From the line containing "You will then" to the end of the data, retype every line exactly and nothing else. Drop the pictures.

### Dataset extract
[Start of section]
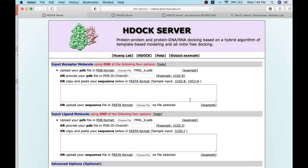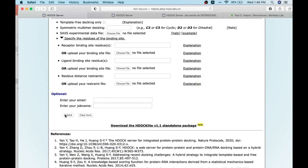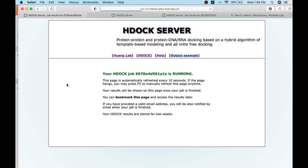Once you fill in the inputs, you can start the run by submitting the job, either providing an email ID or just submitting directly to see what happens. It takes some time once the inputs are taken — your job is running. You can bookmark this page or, if you have already given your email, the result link will be sent to your email.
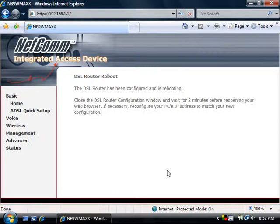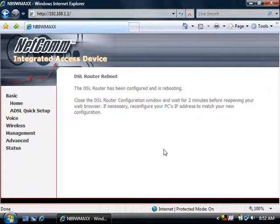You will then see the screen letting you know that it's been configured and is rebooting. After about two minutes, you should be able to reopen your web browser and then get online.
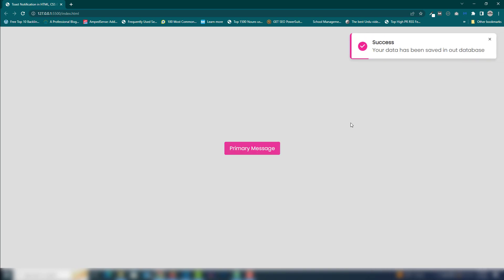So it's a simple toast message using HTML, CSS, and JavaScript. Thank you very much for watching. Have a nice day!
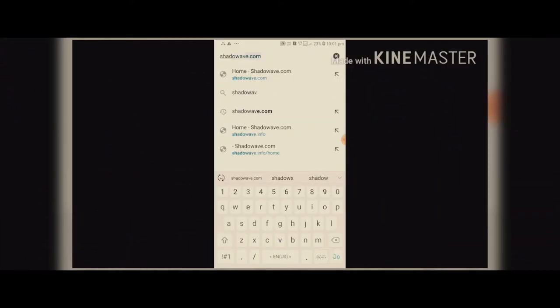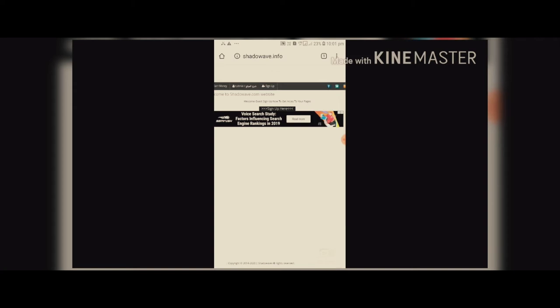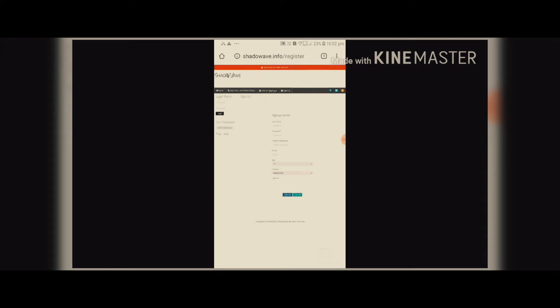Now I'm going to show you the video. You can search shadowwave.info. You can click on the website. You can click on the sign-up form. You can click on the username, password, email, age, and country. You can click on the basic information. I have already done it — I will get the login. Now you can click on the interface, click on Instagram, copy the link, and hack the Instagram.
[End of section]
### Answer to this task
You will then see the screen letting you know that it's been configured and is rebooting. After about two minutes, you should be able to reopen your web browser and then get online.
So it's a simple toast message using HTML, CSS, and JavaScript. Thank you very much for watching. Have a nice day!
Now I'm going to show you the video. You can search shadowwave.info. You can click on the website. You can click on the sign-up form. You can click on the username, password, email, age, and country. You can click on the basic information. I have already done it — I will get the login. Now you can click on the interface, click on Instagram, copy the link, and hack the Instagram.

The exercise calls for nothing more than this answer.